The chorus of responses pointed her to pink.

The enthusiasm of weekend warriors has catapulted do-it-yourself home improvement chains Home Depot and Lowe's to the uppermost spots of top retail store lists. In March, Fortune magazine ranked Home Depot first and Lowe's second in its list of top specialty retail stores, based on a survey of 10,000 corporate executives. And Triversity, a retail industry consultant, placed Home Depot in the No. 2 spot in its list of all retail stores.

BusinessWeek magazine ranked Lowe's No. 8 and Home Depot No. 13 in its annual BusinessWeek 50 edition. The listings are based on corporate sales growth, earnings growth and total shareholder return.

Regular shoppers Norma and Josue Santiago figure they spend money at Home Depot every weekend. They've lived in their South Tampa home for 14 years, and there's always something that needs to be done. They recently put up a vinyl fence, replaced tiles in their kitchen and pondered window replacement.

Farther north in Hillsborough County, the Lowe's Home Improvement Warehouse on Waters Avenue is equally busy.

Manny Alicea cruised the aisles with a drawing of a work bench in his hand, a project that would invite more projects. He visits Lowe's at least once every few weeks, often with a to-do list supplied by his wife.

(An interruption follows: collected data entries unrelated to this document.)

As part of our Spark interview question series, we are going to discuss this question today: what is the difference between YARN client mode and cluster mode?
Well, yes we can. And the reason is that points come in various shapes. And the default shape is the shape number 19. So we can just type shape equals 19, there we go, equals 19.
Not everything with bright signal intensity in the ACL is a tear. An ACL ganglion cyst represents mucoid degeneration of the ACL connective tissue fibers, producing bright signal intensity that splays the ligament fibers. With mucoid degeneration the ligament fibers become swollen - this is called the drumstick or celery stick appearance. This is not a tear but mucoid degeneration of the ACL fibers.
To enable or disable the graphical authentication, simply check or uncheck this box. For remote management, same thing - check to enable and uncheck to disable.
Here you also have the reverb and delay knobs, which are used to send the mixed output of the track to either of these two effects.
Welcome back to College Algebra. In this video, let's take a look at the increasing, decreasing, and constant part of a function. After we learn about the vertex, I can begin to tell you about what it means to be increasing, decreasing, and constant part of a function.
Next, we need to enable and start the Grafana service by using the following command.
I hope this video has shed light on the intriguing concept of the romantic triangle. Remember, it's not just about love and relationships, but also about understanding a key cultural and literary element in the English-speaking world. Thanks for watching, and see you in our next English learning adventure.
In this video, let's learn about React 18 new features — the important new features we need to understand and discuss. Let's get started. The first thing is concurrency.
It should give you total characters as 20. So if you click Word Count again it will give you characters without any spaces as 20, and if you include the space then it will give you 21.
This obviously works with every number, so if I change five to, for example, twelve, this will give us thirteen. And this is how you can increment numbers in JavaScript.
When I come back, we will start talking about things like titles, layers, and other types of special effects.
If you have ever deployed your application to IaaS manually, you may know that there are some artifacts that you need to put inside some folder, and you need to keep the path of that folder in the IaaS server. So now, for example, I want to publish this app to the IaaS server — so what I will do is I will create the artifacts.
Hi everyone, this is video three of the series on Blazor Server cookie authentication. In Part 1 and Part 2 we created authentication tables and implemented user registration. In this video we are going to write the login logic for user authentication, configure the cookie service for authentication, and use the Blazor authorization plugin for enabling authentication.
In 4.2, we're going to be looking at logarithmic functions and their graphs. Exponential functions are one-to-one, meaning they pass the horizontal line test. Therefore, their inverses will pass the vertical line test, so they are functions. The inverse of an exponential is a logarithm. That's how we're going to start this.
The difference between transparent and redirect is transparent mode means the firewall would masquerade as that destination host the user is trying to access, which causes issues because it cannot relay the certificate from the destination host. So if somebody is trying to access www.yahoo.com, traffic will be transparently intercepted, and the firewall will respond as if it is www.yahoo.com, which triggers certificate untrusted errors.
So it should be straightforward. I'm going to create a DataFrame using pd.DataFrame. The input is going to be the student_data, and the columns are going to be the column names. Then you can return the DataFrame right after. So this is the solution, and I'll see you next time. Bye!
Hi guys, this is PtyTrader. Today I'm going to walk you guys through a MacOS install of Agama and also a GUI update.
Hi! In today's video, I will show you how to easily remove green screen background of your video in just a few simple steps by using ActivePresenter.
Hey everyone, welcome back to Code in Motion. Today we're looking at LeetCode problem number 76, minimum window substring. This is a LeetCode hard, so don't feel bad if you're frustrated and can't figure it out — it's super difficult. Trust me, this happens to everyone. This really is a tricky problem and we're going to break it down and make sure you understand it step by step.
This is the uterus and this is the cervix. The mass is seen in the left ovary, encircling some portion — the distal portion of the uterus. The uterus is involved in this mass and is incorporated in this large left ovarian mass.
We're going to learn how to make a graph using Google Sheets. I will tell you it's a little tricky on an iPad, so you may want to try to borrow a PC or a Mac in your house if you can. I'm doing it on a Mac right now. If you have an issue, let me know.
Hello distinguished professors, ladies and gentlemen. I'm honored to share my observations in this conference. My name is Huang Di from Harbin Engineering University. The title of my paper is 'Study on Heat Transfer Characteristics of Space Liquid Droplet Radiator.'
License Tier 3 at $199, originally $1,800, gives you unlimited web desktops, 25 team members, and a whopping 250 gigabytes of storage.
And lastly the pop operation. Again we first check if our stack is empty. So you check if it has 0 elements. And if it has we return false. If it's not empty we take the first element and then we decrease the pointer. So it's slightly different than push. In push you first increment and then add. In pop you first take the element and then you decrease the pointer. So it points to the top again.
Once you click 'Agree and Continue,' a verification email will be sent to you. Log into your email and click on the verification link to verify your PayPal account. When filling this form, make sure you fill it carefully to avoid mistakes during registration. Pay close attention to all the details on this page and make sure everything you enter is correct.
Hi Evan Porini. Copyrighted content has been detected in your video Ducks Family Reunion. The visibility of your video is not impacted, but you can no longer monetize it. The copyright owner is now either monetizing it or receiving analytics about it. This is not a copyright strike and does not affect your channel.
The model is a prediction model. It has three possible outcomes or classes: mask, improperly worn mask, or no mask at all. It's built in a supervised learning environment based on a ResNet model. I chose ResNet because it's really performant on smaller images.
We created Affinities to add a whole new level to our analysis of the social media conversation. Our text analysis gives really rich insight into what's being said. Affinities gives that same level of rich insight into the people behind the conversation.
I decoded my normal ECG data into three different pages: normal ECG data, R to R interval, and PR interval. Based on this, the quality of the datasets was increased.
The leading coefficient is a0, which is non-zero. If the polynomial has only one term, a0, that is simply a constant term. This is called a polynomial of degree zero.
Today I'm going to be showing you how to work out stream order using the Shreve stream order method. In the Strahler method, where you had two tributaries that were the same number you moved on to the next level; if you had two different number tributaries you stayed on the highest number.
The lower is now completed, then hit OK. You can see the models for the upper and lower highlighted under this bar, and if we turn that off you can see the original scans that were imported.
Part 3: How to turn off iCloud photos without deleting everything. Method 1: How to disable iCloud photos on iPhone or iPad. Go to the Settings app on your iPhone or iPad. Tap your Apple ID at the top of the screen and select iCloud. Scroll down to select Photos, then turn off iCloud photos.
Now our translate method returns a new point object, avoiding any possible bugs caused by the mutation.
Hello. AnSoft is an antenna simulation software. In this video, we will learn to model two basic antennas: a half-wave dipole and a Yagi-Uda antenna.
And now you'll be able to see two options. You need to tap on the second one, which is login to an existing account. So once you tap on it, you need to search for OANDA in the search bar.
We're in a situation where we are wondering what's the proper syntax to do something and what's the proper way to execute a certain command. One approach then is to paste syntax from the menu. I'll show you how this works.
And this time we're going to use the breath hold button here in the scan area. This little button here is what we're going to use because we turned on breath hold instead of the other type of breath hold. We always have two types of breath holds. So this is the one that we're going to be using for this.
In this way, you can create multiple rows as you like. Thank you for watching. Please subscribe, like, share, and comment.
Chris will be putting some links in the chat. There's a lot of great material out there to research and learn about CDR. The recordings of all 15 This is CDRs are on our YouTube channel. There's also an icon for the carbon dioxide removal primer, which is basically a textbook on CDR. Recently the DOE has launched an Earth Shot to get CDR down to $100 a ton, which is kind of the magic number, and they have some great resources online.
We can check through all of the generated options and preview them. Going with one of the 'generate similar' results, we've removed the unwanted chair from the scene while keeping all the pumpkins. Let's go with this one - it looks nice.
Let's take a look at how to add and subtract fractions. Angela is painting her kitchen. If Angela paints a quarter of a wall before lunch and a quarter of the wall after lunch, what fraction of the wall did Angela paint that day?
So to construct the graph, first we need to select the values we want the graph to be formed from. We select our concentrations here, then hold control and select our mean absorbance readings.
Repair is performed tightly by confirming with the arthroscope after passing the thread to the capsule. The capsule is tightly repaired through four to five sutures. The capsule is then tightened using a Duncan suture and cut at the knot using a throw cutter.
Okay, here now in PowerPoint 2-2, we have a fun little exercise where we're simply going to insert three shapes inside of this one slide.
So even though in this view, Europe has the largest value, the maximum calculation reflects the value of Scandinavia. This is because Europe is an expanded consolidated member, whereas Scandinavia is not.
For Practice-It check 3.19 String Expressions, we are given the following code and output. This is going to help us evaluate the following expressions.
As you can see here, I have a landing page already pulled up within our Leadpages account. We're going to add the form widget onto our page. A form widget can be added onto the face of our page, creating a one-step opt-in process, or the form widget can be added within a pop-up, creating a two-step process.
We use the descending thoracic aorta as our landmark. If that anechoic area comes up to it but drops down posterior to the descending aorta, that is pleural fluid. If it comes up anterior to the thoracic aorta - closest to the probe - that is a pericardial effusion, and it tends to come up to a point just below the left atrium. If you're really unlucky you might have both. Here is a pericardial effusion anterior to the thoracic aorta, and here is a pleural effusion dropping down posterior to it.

"It's a little hobby of mine," he said.

In the light fixture section, Major Bloom pushed a cart for his mother, Joyce. Bloom was about to install a vanity mirror and recessed hallway lighting in his mother's home of 24 years. He tackles such tasks for her every few months and loves every minute of it, he said.

"Coming here is like coming to the toy store," he said.

Teresa Diaz, with paint spattered on her arms, legs, hands and clothes, was patiently waiting for several gallons of paint in a shade called orchid petal.

Diaz, who bought her house just last month, is a new recruit to the weekend warriors.

"It's fun," she decided, seemingly surprised by her own response. "When you're doing something for yourself, you do it the way you want it done."